Yayınlama: 24 Temmuz 2019 Çarşamba 15:55 Okunma: 2365

Bir “Moda’dır” almış başını gidiyor. Neredeyse ayağı takılıp yolda düşüp ölen, şehit sayılıyor. Oysa, dinsel ve ulvi bir kavram olan şehitlik, Kuran-ı Kerim’de bakın nasıl anlatılıyor? Açıp, bakalım.

      Değerli okurlarım; Bu iktidar döneminde özellikle Doğu ve Güneydoğu Anadolu bölgemizde yaşanan terör olaylarında hayatını kaybedenlerle, başka sebeple de olsa mesela Emniyet mensubu gibi o bölgelerde hayatını kaybedenlere de “Şehit” denmektedir.
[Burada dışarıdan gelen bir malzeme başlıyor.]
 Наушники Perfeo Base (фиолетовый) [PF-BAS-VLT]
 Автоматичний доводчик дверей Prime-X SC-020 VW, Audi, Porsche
      O kadar ki, yaygın olan bu söylem ve niteleme, kamu görevlisi olarak ülkenin neresinde ve ne sebeple olursa olsun hayatını kaybedenler için de söyleniyor. Maddi/manevi ödüle layık bir rütbe olarak görülen bu sıfat, acaba dosdoğru yerini buluyor mu?

     Şehit nedir? Görevde iken hayatını kaybeden her kamu görevlisi şehit midir?

                              ŞEHİTLİK NEDİR? KİME ŞEHİT DENİR?

    Şehitlik, dinsel ve çok yüce bir kavramdır. Allah’ın uygun gördüğü çok yüksek bir rütbedir. Ödülü cennettir. Cennete layık görülenlerle birlikte olmaktır. Peygamberle arkadaş ve dost olmaktır. Ve başka çok kutsal yanları, önemi ve değeri vardır.

    Dinsel bir kavram ve niteleme olduğu cihetle kaynağını Kura’an-ı Kerim’de arıyoruz. Yüce Yaradan Bakara Suresi 154’cü ayetinde; “Allah yolunda öldürülenlere ölüler demeyin. Hayır, onlar diridirler. Ancak, siz sezemezsiniz.”  Derken, yine Al-i İmran Suresi 169’cu ayetinde; “Sakın Allah yolunda öldürülenleri ölmüşler sanma,  onlar hep hayattadırlar. Rablerinin katında yaşarlar, onlar orada rızıklandırılırlar.” Ve nihayet Nisa Suresi  69’cu ayetinde; “Allah’a ve Resule itaat edenler …  Peygamberler ve Şehitlerle beraberdirler.” Diye buyuruyor.

      Değerli okurlarım; Dikkat buyurulursa şehit olmanın tek şartı, Allah yolunda öldürülmüş olmaktır. Biz onu, “Allah yolunda öldürülenler ve ölenler” olarak da anlayabiliriz, başka bir uğurda ve yolda değil. Böyle anlamak, yanlış değildir.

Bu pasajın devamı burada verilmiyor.